User Intent and Characteristics of Search Queries

One of the short posters at the recent WWW 2007 Conference in Banff, Alberta, Canada, provides an indepth look at classifications of search queries after sampling more than 5 million queries, taken from transaction logs from three different search engines.

They use that data to come up with a classification algorithm, which was then used on a “separate Web search engine transaction log of over a million queries submitted by several hundred thousand users.” The results are interesting.

The article is Determining the User Intent of Web Search Engine Queries, from Bernard J. Jansen and Danielle L. Booth of Pennsylvania State University, and Amanda Spink of the Queensland University of Technology.

Their findings indicated that approximately 80 percent of the queries classified were informational in nature, with the remaining queries being split almost equally between navigational and transactional queries.

As a followup, they manually coded 400 more queries to compare to those results, and note that their accuracy in classification was about 74 percent. They tell us that within the remainding queries, “the user intent is generally vague or multi-faceted, pointing to the need to for probabilistic classification.”

As part of this process, they defined characteristics for the different types of queries: informational, transactional, and navigational. For example, here are a few of the characteristics that they noticed for informational queries:

  • Uses question words (i.e., “ways to,” “how to,” “what is”, etc.)
  • Queries containing informational terms (e.g., list, playlist, etc.)
  • Queries where the searcher viewed multiple results pages

The “separate Web search engine transaction log” that they reviewed was from Dogpile, and they point to another longer paper that describes the study of that transaction log, which goes beyond identifying classifications for search queries. The cited paper is:

Jansen, B. J., Spink, A., Blakely, C. and Koshman, S.
forthcoming. Web Searcher Interaction with the Dogpile.com Meta-Search Engine. (pdf) Journal of the American Society for Information Science and Technology.

They compare the results of this study of Dogpile queries to studies of non-meta search engines. Some interesting statistics from that study, which are shown in a table within the paper. Here’s a glimpse at some of them:

Session size

1 query – 288,231 – 53.9%
2 queries – 88,875 – 16.6%
3 queries – 157,401 – 29.4%

Results Pages Viewed Per Query

1 page – 1,052,554 – 69.07%
2 pages – 253,718 – 16.6%
3 pages – 217,521 – 14.2%

The rest are worth a close look.

Understanding user intent during a search can be an important aspect of delivering relevant results to searchers. The percentage of informational search queries from this report is higher than in previous studies I’ve seen on the subject. We aren’t told if that is because the logs used were from a metasearch engine or not, but it’s still an result worth considering.

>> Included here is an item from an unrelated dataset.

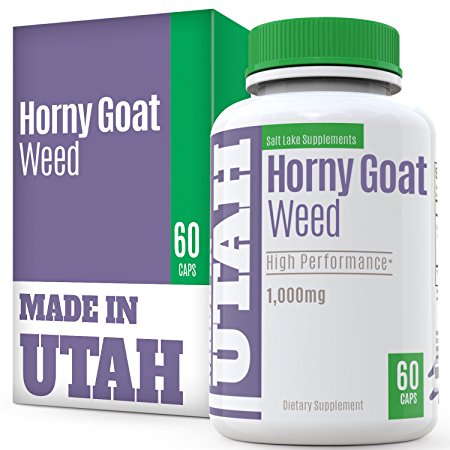 Horny Goat Weed Extract with Maca Root, Tongkat Ali, Ginseng and Muira Puama - Best Performance & Natural Libido Boost, Contains 1000mg Epimedium & 100mg Icariins Per Serving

Other papers cited as references in the WWW 2007 document:

  • Baeza-Yates, R., Calderon-Benavides, L. and Gonzalez-Caro, C. 2006. The Intention Behind Web Queries. In Proceedings of String Processing and Information Retrieval (Spire 2006). Glasgow, Scotland, 98-109.
Share

9 thoughts on “User Intent and Characteristics of Search Queries”

  1. Bill –

    Very interesting indeed and thank you so much for rounding out his subject and for providing some good focused resources to look at.

    Well – at least we know now that there are still some searches that are transactional in nature!! It consoles me to know that people still do look to transact business online. Hooray, we’re still here for a reason.

    I’d like to see a study on how one can determine how far along someone is in a transaction based on the search query. I suppose it comes down to length of the query – right? Like – longer tail = later in the transaction process….?

  2. Hi Jake,

    Thank you. Hopefully some of those information searches and navigational searches are leading to transactional searches, too.

    I’m not sure that longer searches are always good indications of whether or not a query is transactional. Sometimes people shorten their queries when they use a long one, and don’t find relevant results.

  3. Good stuff Bill. Lasting data that still transcends the nature of search queries and the intention behind them. Taking the time for in-depth keyword research can lead to a great content strategy that tailors to both informational queries and commercial queries (tastefully of course).

Comments are closed.